= WHAT YOU HAVE TO DO =
The answer must consist solely of the lines from the line with "Afbeelding van het" to the final line of the data below, reproduced exactly, pictures omitted.

= SOURCE DATA =
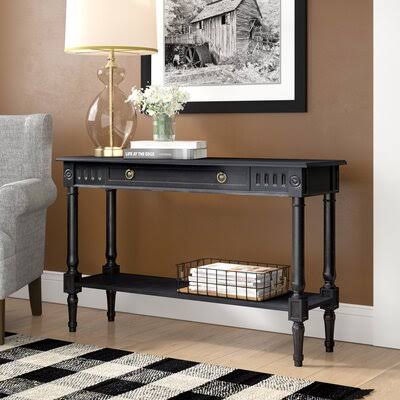 Isobel 47.2x22 Solid Wood Console Table Charlton Home Color: Black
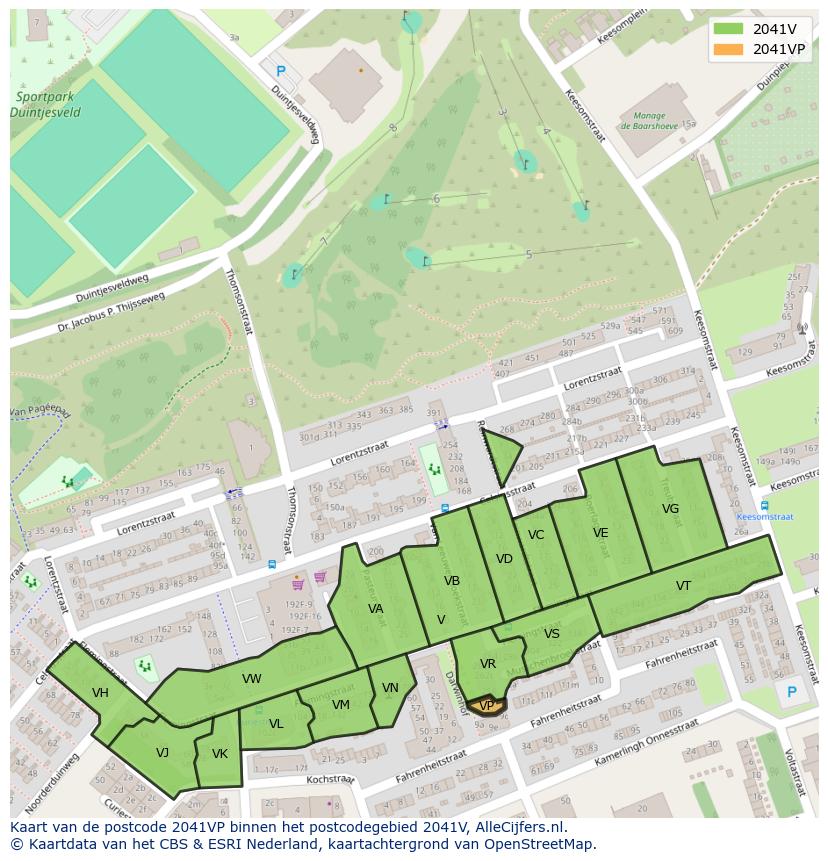 Afbeelding van het postcodegebied 2041 VP op de kaart.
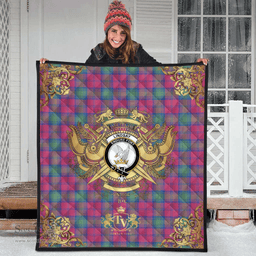 Scottish Lindsay Ancient Clan Tartan Quilt - Military Logo Style Scottish Plaid Tartan Plaid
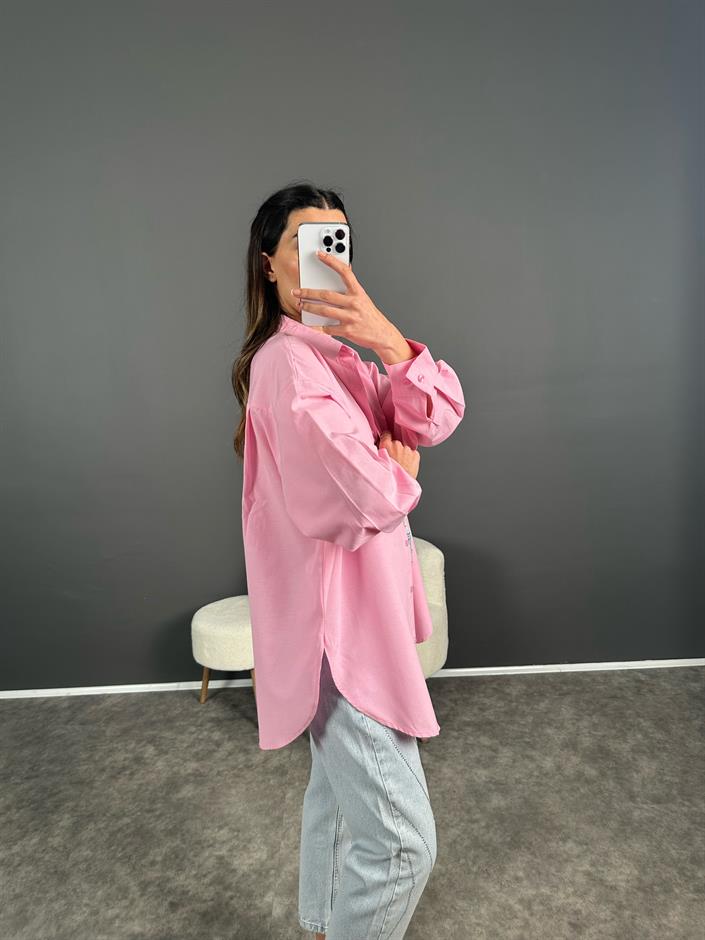 Min Pembe Oversize Gizli Düğmeli Gömlek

= TASK ANSWER =
 Afbeelding van het postcodegebied 2041 VP op de kaart.
 Scottish Lindsay Ancient Clan Tartan Quilt - Military Logo Style Scottish Plaid Tartan Plaid
 Min Pembe Oversize Gizli Düğmeli Gömlek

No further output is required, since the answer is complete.